Input data:

================================

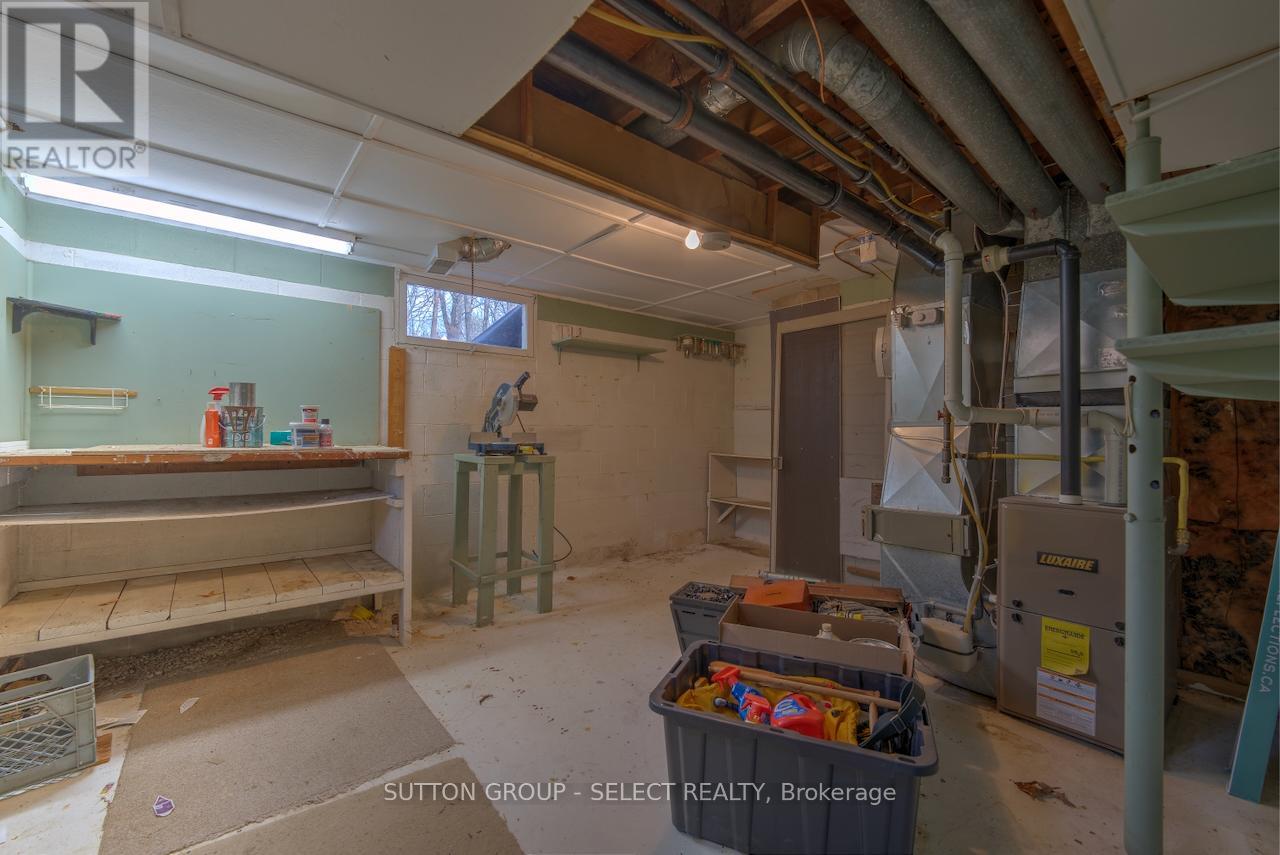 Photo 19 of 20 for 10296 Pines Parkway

================================

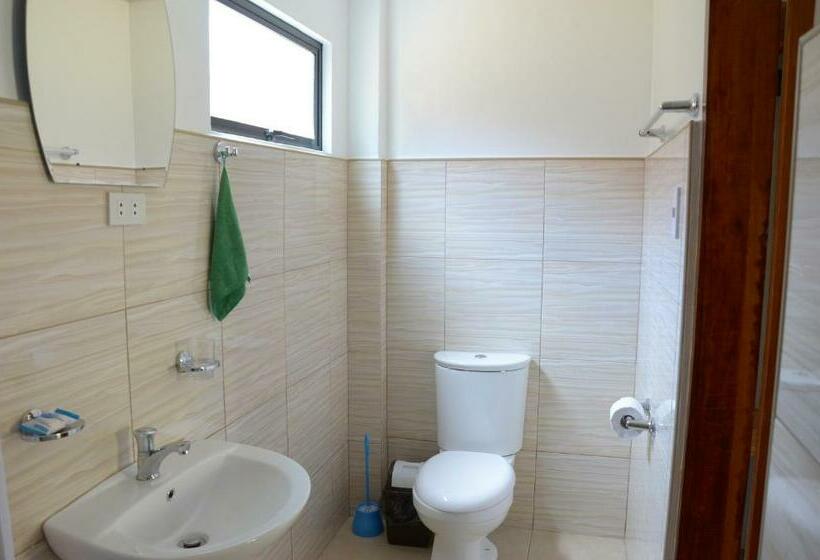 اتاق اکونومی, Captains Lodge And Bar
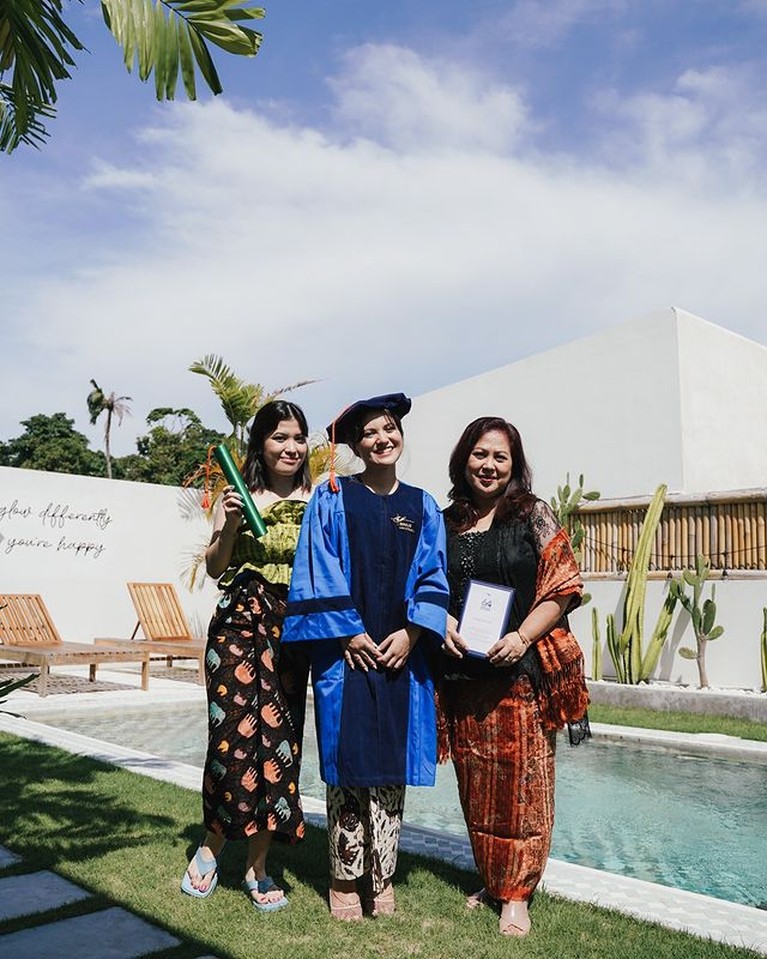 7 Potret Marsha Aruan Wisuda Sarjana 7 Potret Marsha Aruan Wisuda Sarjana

================================

Word for word, repeat the lines above from the one with "اتاق اکونومی, Captains Lodge And Bar" through the one with "7 Potret Marsha Aruan Wisuda Sarjana 7", and nothing beyond them. Omit the pictures.

Finished task:
 اتاق اکونومی, Captains Lodge And Bar
 7 Potret Marsha Aruan Wisuda Sarjana 7 Potret Marsha Aruan Wisuda Sarjana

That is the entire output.